The Human Algorithm: A New Framework for Smart Buildings | BEI

BEI Coverage | Smart Building Conference 5 (SBC 5), Kuala Lumpur - September 2025

We spend roughly 90% of our lives indoors. If the spaces we inhabit don’t make us healthier, clearer, calmer, and more connected, can we really call them smart? At Smart Building Conference 5.0 (SBC 5.0) in Kuala Lumpur, Jawad AlTamimi introduced The Human Algorithm, a framework that shifts the conversation from counting sensors and dashboards to evaluating human outcomes inside buildings.

What is “The Human Algorithm”?

The Human Algorithm is a human-outcomes framework that pairs operational signals (air quality, thermal comfort, noise behaviour, service response times) with lived-experience inputs (ability to focus, sense of calm, belonging). The goal is practical and clear: help owners and FM teams see whether people are doing better inside the building, not only whether the building is digitally capable.

The Six Human KPIs (clear, practical anchors)

1) Health & Vitality: Conditions that keep people physically well and energized (e.g., IAQ within targets, acoustics managed, and circadian, supportive lighting aligned to the day).

2) Cognitive Performance:  Environments that enable focus and creative flow (e.g., reliable quiet/focus zones, daylight where tasks actually happen, intuitive wayfinding).

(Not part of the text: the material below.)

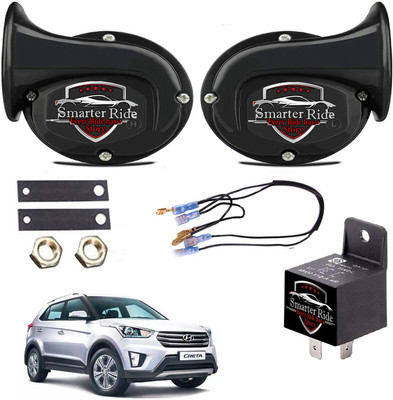 SMARTER RIDE Horn For Hyundai Creta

3) Emotional Well-Being:  Lower stress and better restoration (e.g., noise peak control, small refuge nooks, biophilic cues, clearer safety signaling).

4) Social Connection: Everyday touchpoints that build belonging (e.g., welcoming lobbies, shared kitchens, rooftop or garden spaces, micro-events).

5) Engagement & Satisfaction: Pride in place and responsive services (e.g., transparent SLAs, visible progress on fixes, helpful, not noisy, building apps).

6) Resilience & Equity: Safety, accessibility, and fairness (e.g., thermal equity across zones so comfort and clarity don’t depend on where someone sits).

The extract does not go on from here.